Thursday, August 19, 2010

Wig Review: Milano Band Fall 12/14 Makeover

Posted by Unknown at 9:48 PM

Back in September 2009, I bought a Milano band fall from one of their "out of town" distributors.  The color was a 12/14, which looked like a dirty blonde but not that reddish.  The hair looked thick and nice and so I decided to purchase it.  I believe it was $950 because it was on sale or something.  Anyway, it has been a pretty good piece.  The few problems I had with it: cap size too small and color oxidizing to this weird shade, I fixed.  This post is not only a review of a fall, but a story of how I optimized my wig.

So here it was.  My dull fall, turning into a dry oxidized piece...

My review:  This wig is fairly typical.  It has machine wefts.  It is a fall, so there is no skin top.  The hair on the crown is sewn in to fall backwards like a good fall too.  The hair on this wig was much nicer than my first Milano full wig.  It never knots, which is a plus.  It is definitely treated hair and far from "Virgin European".  Because it was treated and dyed and probably originally partially Chinese, the blonde hair oxidized pretty fast.  Let's see... I worked in an office and probably only experienced 5 hours of direct sunlight in this wig per week, and it got pretty badly oxidized within months.  My definition of badly oxidized is: the top turned a mono-chrome shade of blonde while the under-layer remained darker.  The cap being too small was always uncomfortable so I decided to do something about it.

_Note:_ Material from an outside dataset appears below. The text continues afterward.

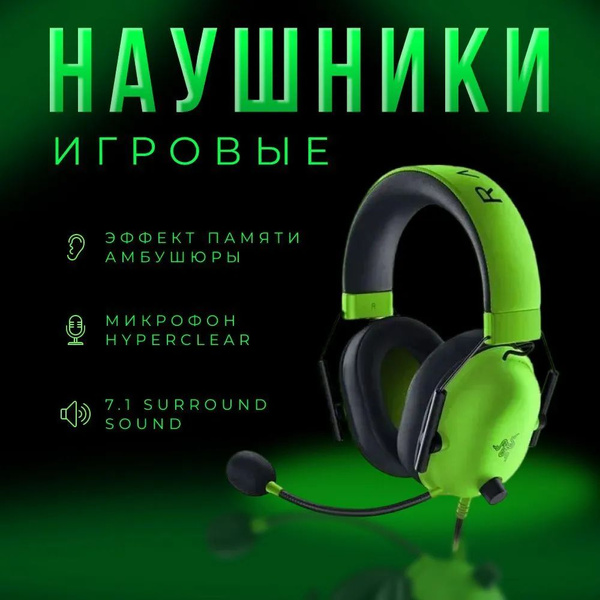 Игровые наушники Вкладыши Razer Razer-BLACKSHARK V2X - купить по ...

FIRST I took care of the color.  I bought a box of light ash brown dye and weaved low-lights through the entire sheitel using the technique pictured below.  Note in the picture how the base color of the wig started to look really red.  I chose an ash shade to minimize the redness.  Then I rinsed the wig and applied conditioner and let the wig dry.

Okay, a few weeks later I decided to re-wash the sheitel and to set it in curls.  The other reason for me to wash it was to stretch the cap.  Because it is constructed of machine wefts, it is quite a durable piece.  While wet, I placed the wig on the styling block and used 4 T-Pins to stretch the four corners to its limit (near the ears, and near the back corners of the neck area).  The stretching was a GREAT success, it fits extremely comfortably now.  Then I let the wig air dry and curled my wig as per the instructions in my video.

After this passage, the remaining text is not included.